YOUR TASK | Please retype, word for word, the line containing "Bedroom, Bed in" and every line after it through the end of the records, leaving out all pictures.

BEGIN

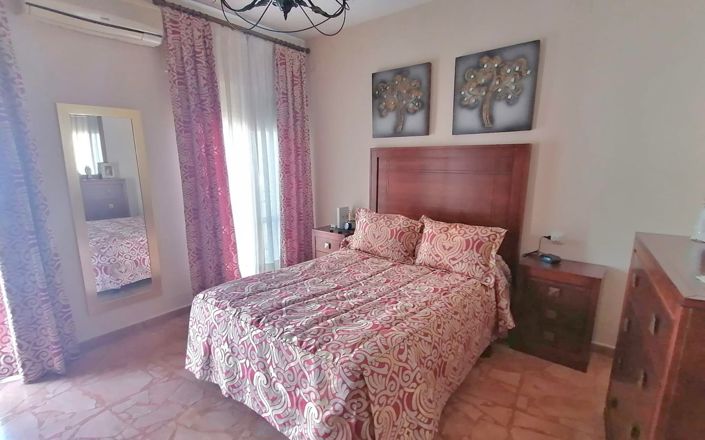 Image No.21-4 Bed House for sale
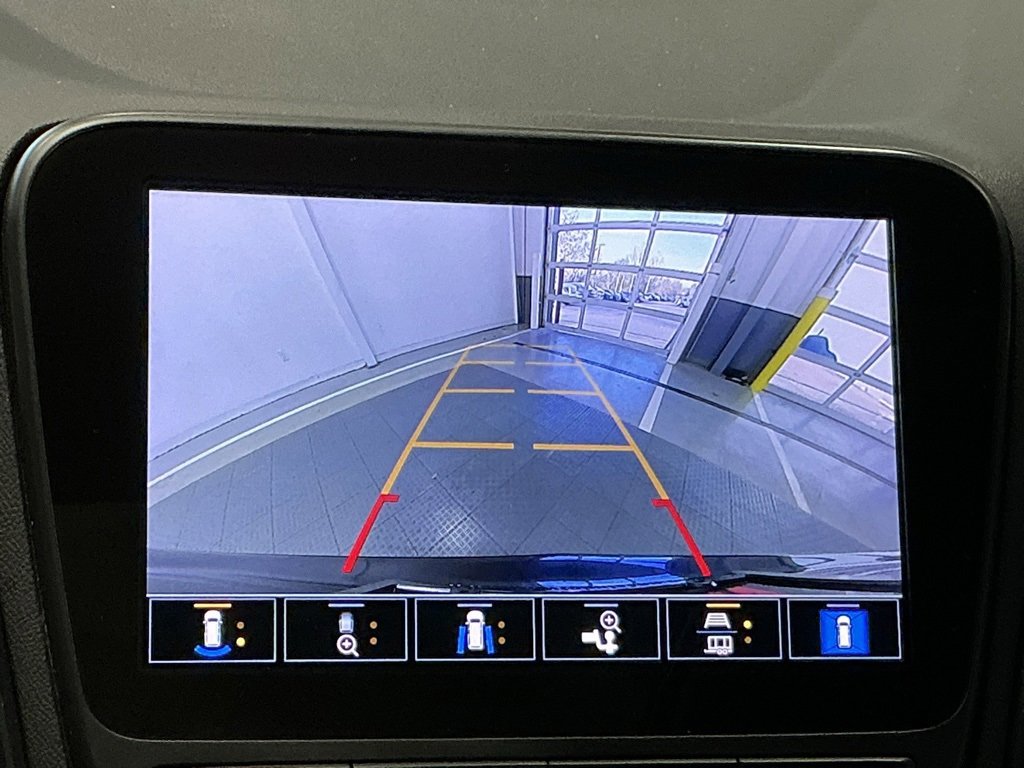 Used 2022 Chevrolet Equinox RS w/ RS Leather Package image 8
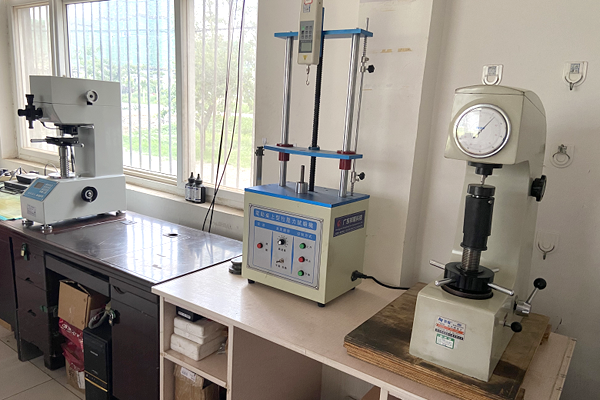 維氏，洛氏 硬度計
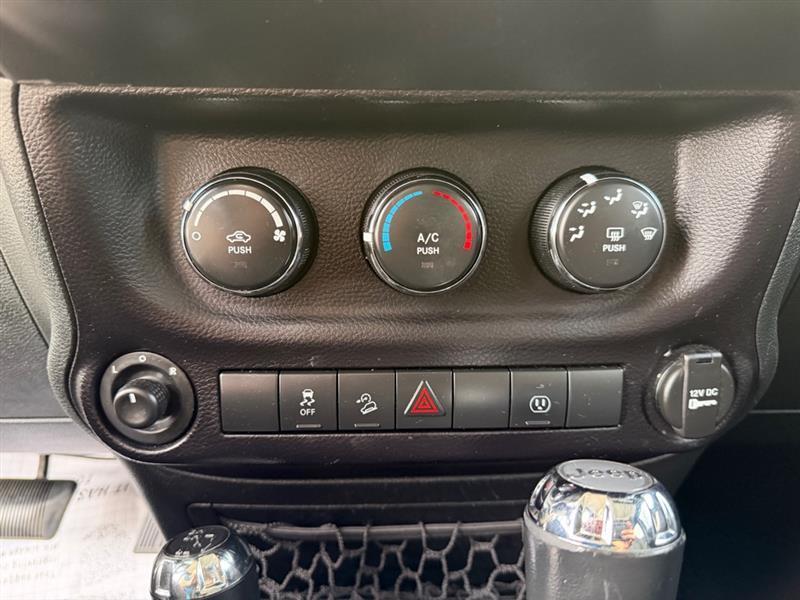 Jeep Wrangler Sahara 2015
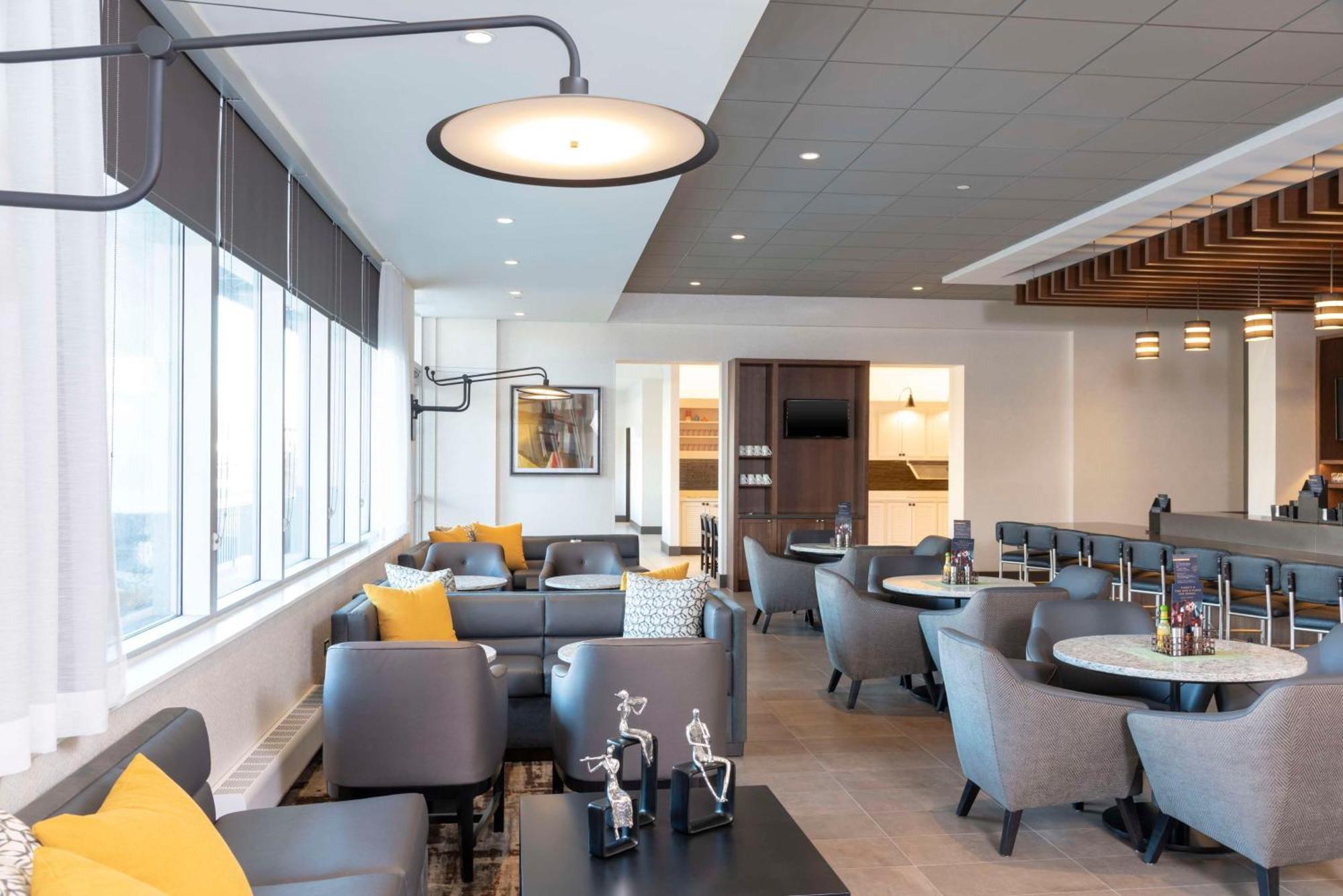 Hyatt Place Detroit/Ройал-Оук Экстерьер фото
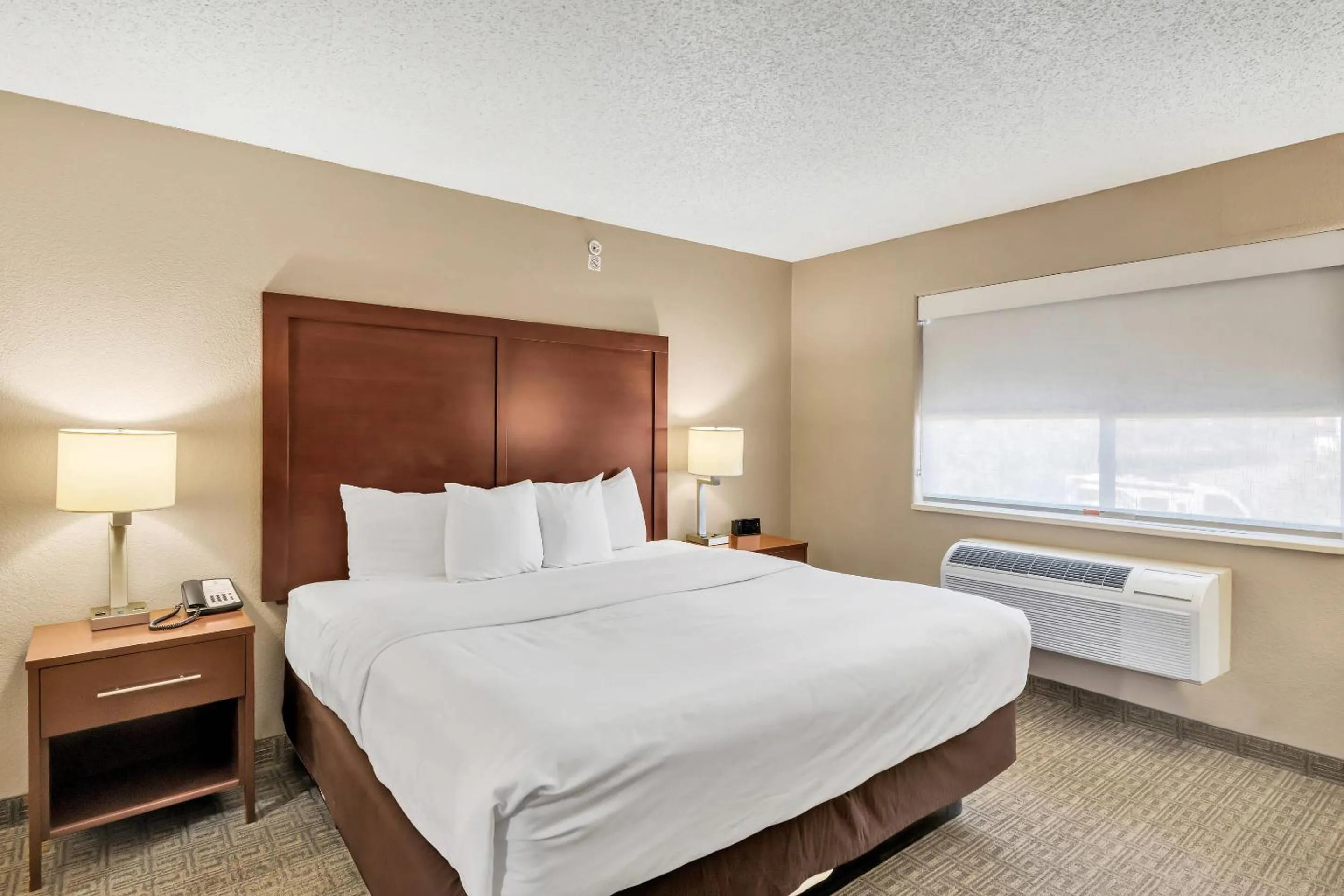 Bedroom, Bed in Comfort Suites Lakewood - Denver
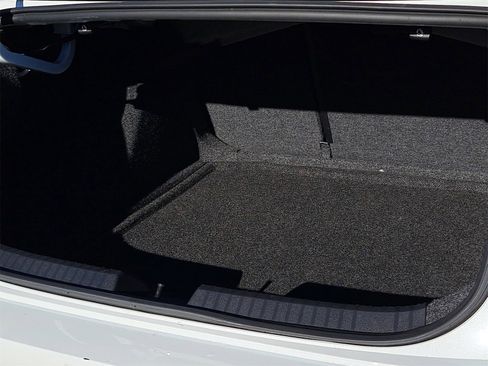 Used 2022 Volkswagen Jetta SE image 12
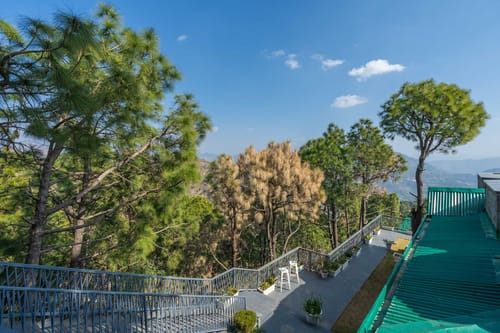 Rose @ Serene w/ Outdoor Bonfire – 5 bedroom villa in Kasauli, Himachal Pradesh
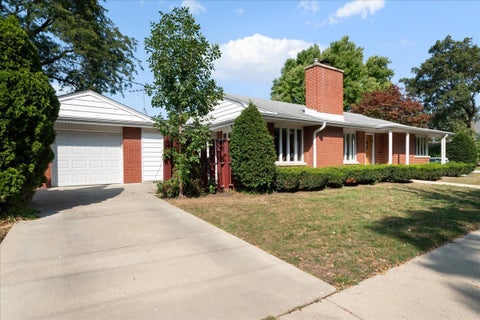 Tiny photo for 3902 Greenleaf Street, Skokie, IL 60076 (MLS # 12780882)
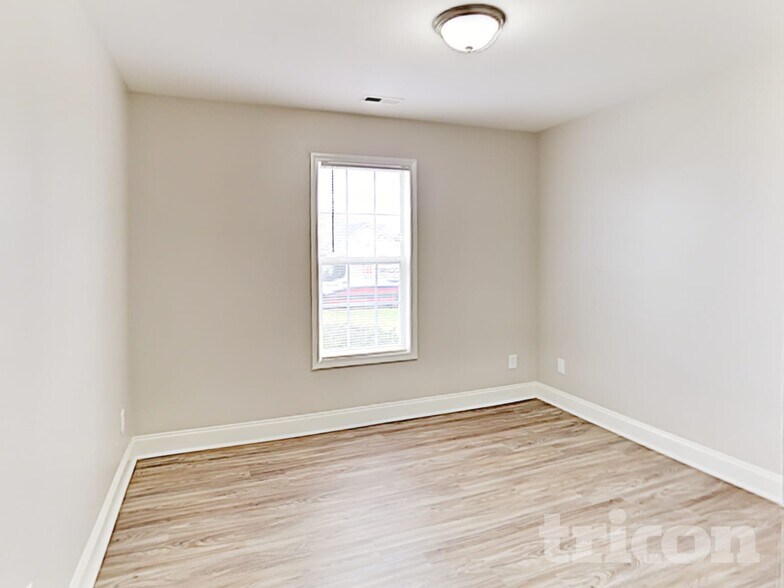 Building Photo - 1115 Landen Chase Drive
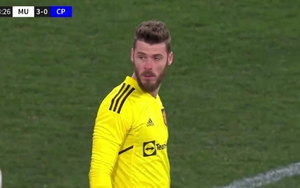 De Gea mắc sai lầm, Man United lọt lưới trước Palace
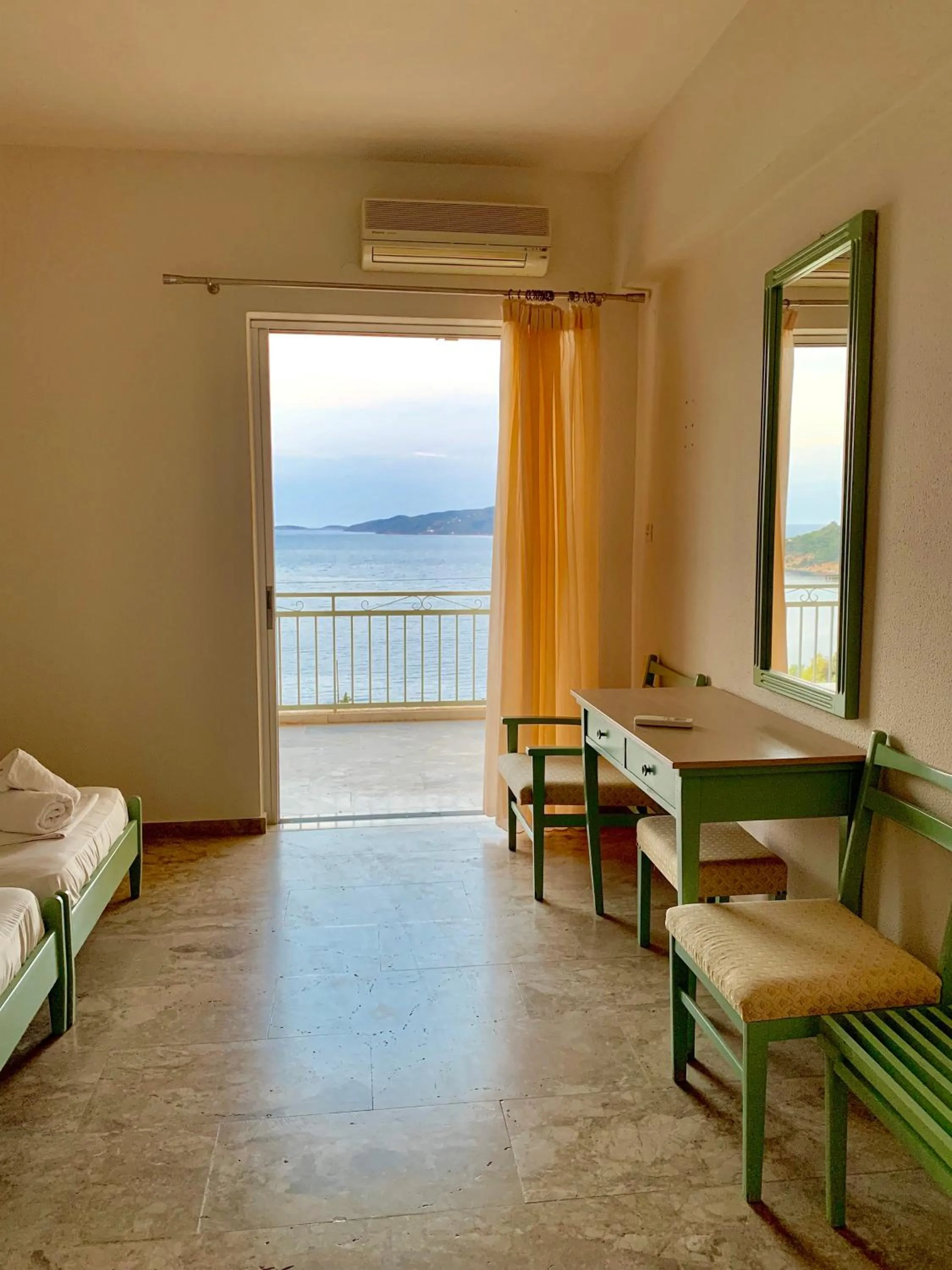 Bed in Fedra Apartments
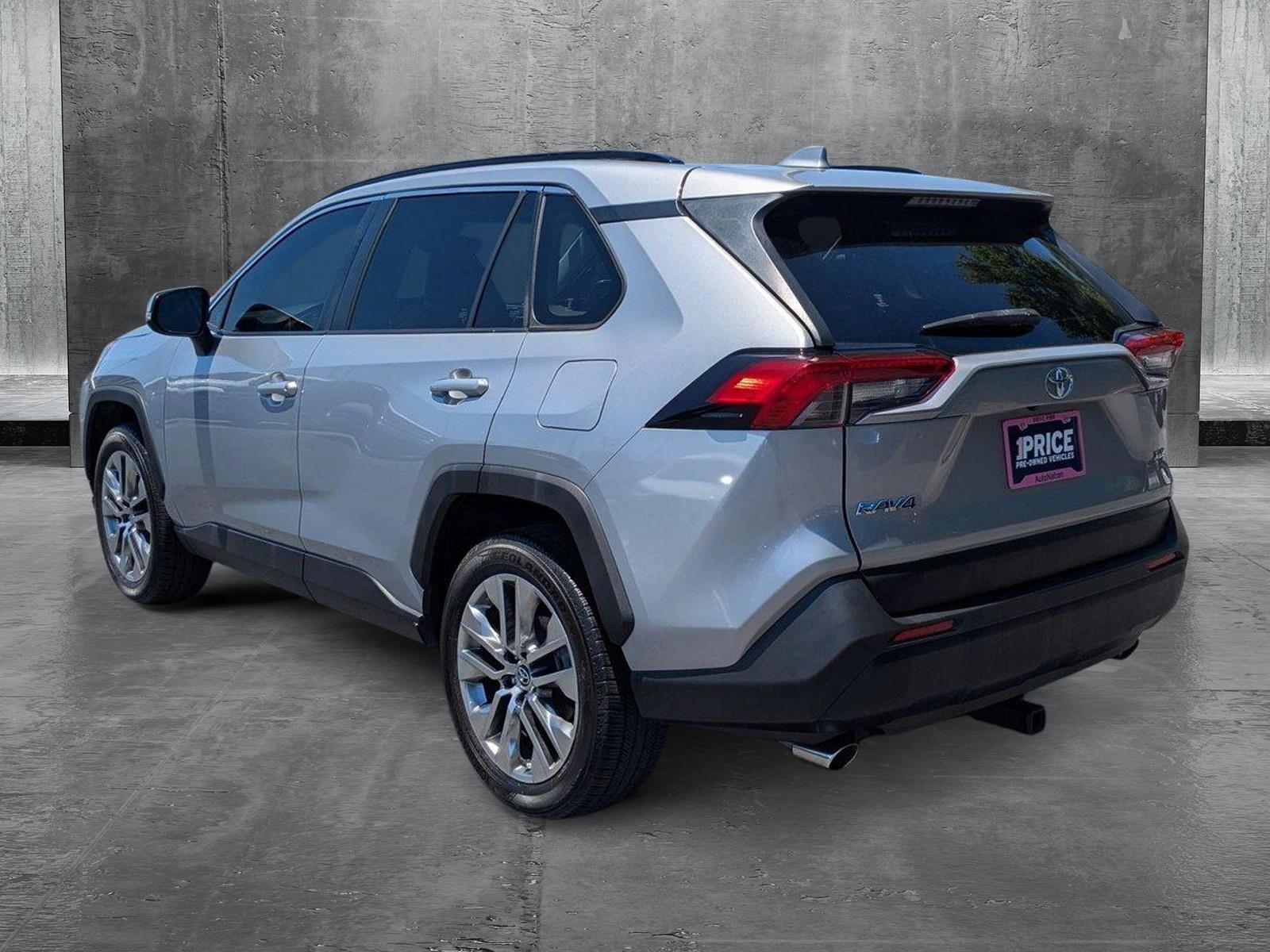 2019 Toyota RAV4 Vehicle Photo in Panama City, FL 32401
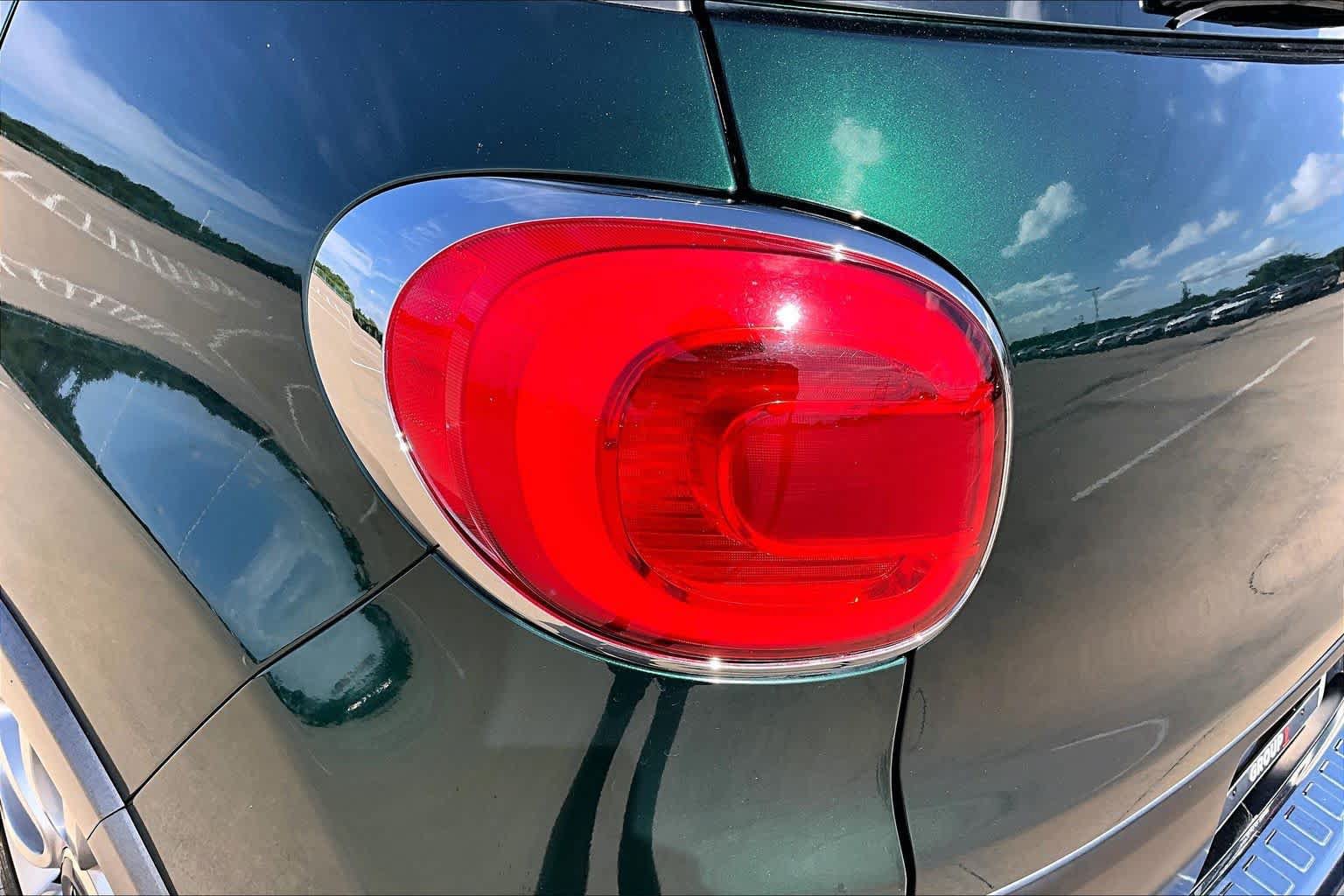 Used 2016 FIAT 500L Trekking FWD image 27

END

ANSWER SPACE |
 Bedroom, Bed in Comfort Suites Lakewood - Denver
 Used 2022 Volkswagen Jetta SE image 12
 Rose @ Serene w/ Outdoor Bonfire – 5 bedroom villa in Kasauli, Himachal Pradesh
 Tiny photo for 3902 Greenleaf Street, Skokie, IL 60076 (MLS # 12780882)
 Building Photo - 1115 Landen Chase Drive
 De Gea mắc sai lầm, Man United lọt lưới trước Palace
 Bed in Fedra Apartments
 2019 Toyota RAV4 Vehicle Photo in Panama City, FL 32401
 Used 2016 FIAT 500L Trekking FWD image 27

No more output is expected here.